[Saved data entries]
━━━━━━━━━━━━━━━━

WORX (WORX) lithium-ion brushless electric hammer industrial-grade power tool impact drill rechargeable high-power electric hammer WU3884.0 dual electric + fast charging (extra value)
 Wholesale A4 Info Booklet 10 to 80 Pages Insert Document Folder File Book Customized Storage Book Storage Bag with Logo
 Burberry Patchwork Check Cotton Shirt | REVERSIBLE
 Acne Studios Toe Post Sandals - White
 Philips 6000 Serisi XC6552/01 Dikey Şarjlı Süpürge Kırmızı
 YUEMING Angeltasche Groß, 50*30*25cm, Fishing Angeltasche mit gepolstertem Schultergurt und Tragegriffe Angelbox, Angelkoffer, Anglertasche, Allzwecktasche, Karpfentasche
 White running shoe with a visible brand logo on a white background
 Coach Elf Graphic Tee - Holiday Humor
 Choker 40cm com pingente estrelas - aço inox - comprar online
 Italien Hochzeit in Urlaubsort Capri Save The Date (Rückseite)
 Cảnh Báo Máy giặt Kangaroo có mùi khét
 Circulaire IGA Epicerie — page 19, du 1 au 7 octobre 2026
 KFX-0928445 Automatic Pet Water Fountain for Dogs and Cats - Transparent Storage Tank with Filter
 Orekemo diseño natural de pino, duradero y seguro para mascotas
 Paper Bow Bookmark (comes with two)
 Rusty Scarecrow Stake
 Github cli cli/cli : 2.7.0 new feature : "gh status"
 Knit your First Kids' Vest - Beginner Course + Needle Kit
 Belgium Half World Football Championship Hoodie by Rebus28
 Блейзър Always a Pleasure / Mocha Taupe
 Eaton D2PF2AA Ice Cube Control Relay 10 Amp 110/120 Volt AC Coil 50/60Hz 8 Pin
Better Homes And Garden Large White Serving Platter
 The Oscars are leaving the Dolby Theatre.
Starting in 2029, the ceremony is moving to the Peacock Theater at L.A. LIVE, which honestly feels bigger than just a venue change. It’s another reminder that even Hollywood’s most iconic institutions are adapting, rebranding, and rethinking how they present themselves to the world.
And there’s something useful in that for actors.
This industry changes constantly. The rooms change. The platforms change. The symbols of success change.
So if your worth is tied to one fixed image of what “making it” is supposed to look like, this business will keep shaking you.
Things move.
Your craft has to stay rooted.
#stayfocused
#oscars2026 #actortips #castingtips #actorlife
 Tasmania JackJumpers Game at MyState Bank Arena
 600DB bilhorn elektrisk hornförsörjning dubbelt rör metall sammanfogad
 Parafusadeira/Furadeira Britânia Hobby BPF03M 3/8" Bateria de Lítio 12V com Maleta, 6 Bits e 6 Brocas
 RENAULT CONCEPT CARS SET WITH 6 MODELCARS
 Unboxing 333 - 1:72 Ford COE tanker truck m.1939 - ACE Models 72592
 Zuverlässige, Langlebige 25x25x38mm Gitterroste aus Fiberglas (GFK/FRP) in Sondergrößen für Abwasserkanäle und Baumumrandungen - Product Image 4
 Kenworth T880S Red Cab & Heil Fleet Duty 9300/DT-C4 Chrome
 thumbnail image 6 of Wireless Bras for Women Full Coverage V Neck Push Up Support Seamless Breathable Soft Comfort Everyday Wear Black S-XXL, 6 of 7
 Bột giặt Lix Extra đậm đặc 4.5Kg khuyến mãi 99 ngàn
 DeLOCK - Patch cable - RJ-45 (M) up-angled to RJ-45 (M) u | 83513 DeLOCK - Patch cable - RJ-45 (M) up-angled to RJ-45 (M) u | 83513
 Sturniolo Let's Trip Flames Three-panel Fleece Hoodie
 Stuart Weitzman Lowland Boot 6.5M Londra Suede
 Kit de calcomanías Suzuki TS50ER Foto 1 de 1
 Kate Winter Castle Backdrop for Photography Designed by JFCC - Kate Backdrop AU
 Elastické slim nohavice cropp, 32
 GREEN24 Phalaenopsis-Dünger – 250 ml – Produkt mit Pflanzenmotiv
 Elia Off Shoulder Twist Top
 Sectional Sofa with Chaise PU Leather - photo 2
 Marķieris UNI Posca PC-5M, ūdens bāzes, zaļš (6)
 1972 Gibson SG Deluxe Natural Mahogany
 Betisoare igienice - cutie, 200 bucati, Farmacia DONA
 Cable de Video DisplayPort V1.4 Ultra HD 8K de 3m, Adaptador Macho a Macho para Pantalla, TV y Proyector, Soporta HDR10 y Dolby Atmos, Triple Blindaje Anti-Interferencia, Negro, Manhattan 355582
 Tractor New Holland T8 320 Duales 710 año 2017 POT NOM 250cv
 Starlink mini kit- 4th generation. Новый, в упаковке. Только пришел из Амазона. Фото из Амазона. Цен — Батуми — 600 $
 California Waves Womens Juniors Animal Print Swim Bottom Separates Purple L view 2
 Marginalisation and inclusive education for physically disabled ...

━━━━━━━━━━━━━━━━

▶ [Problem]
Recopy all of the records verbatim.

▶ [Result below]
WORX (WORX) lithium-ion brushless electric hammer industrial-grade power tool impact drill rechargeable high-power electric hammer WU3884.0 dual electric + fast charging (extra value)
 Wholesale A4 Info Booklet 10 to 80 Pages Insert Document Folder File Book Customized Storage Book Storage Bag with Logo
 Burberry Patchwork Check Cotton Shirt | REVERSIBLE
 Acne Studios Toe Post Sandals - White
 Philips 6000 Serisi XC6552/01 Dikey Şarjlı Süpürge Kırmızı
 YUEMING Angeltasche Groß, 50*30*25cm, Fishing Angeltasche mit gepolstertem Schultergurt und Tragegriffe Angelbox, Angelkoffer, Anglertasche, Allzwecktasche, Karpfentasche
 White running shoe with a visible brand logo on a white background
 Coach Elf Graphic Tee - Holiday Humor
 Choker 40cm com pingente estrelas - aço inox - comprar online
 Italien Hochzeit in Urlaubsort Capri Save The Date (Rückseite)
 Cảnh Báo Máy giặt Kangaroo có mùi khét
 Circulaire IGA Epicerie — page 19, du 1 au 7 octobre 2026
 KFX-0928445 Automatic Pet Water Fountain for Dogs and Cats - Transparent Storage Tank with Filter
 Orekemo diseño natural de pino, duradero y seguro para mascotas
 Paper Bow Bookmark (comes with two)
 Rusty Scarecrow Stake
 Github cli cli/cli : 2.7.0 new feature : "gh status"
 Knit your First Kids' Vest - Beginner Course + Needle Kit
 Belgium Half World Football Championship Hoodie by Rebus28
 Блейзър Always a Pleasure / Mocha Taupe
 Eaton D2PF2AA Ice Cube Control Relay 10 Amp 110/120 Volt AC Coil 50/60Hz 8 Pin
Better Homes And Garden Large White Serving Platter
 The Oscars are leaving the Dolby Theatre.
Starting in 2029, the ceremony is moving to the Peacock Theater at L.A. LIVE, which honestly feels bigger than just a venue change. It’s another reminder that even Hollywood’s most iconic institutions are adapting, rebranding, and rethinking how they present themselves to the world.
And there’s something useful in that for actors.
This industry changes constantly. The rooms change. The platforms change. The symbols of success change.
So if your worth is tied to one fixed image of what “making it” is supposed to look like, this business will keep shaking you.
Things move.
Your craft has to stay rooted.
#stayfocused
#oscars2026 #actortips #castingtips #actorlife
 Tasmania JackJumpers Game at MyState Bank Arena
 600DB bilhorn elektrisk hornförsörjning dubbelt rör metall sammanfogad
 Parafusadeira/Furadeira Britânia Hobby BPF03M 3/8" Bateria de Lítio 12V com Maleta, 6 Bits e 6 Brocas
 RENAULT CONCEPT CARS SET WITH 6 MODELCARS
 Unboxing 333 - 1:72 Ford COE tanker truck m.1939 - ACE Models 72592
 Zuverlässige, Langlebige 25x25x38mm Gitterroste aus Fiberglas (GFK/FRP) in Sondergrößen für Abwasserkanäle und Baumumrandungen - Product Image 4
 Kenworth T880S Red Cab & Heil Fleet Duty 9300/DT-C4 Chrome
 thumbnail image 6 of Wireless Bras for Women Full Coverage V Neck Push Up Support Seamless Breathable Soft Comfort Everyday Wear Black S-XXL, 6 of 7
 Bột giặt Lix Extra đậm đặc 4.5Kg khuyến mãi 99 ngàn
 DeLOCK - Patch cable - RJ-45 (M) up-angled to RJ-45 (M) u | 83513 DeLOCK - Patch cable - RJ-45 (M) up-angled to RJ-45 (M) u | 83513
 Sturniolo Let's Trip Flames Three-panel Fleece Hoodie
 Stuart Weitzman Lowland Boot 6.5M Londra Suede
 Kit de calcomanías Suzuki TS50ER Foto 1 de 1
 Kate Winter Castle Backdrop for Photography Designed by JFCC - Kate Backdrop AU
 Elastické slim nohavice cropp, 32
 GREEN24 Phalaenopsis-Dünger – 250 ml – Produkt mit Pflanzenmotiv
 Elia Off Shoulder Twist Top
 Sectional Sofa with Chaise PU Leather - photo 2
 Marķieris UNI Posca PC-5M, ūdens bāzes, zaļš (6)
 1972 Gibson SG Deluxe Natural Mahogany
 Betisoare igienice - cutie, 200 bucati, Farmacia DONA
 Cable de Video DisplayPort V1.4 Ultra HD 8K de 3m, Adaptador Macho a Macho para Pantalla, TV y Proyector, Soporta HDR10 y Dolby Atmos, Triple Blindaje Anti-Interferencia, Negro, Manhattan 355582
 Tractor New Holland T8 320 Duales 710 año 2017 POT NOM 250cv
 Starlink mini kit- 4th generation. Новый, в упаковке. Только пришел из Амазона. Фото из Амазона. Цен — Батуми — 600 $
 California Waves Womens Juniors Animal Print Swim Bottom Separates Purple L view 2
 Marginalisation and inclusive education for physically disabled ...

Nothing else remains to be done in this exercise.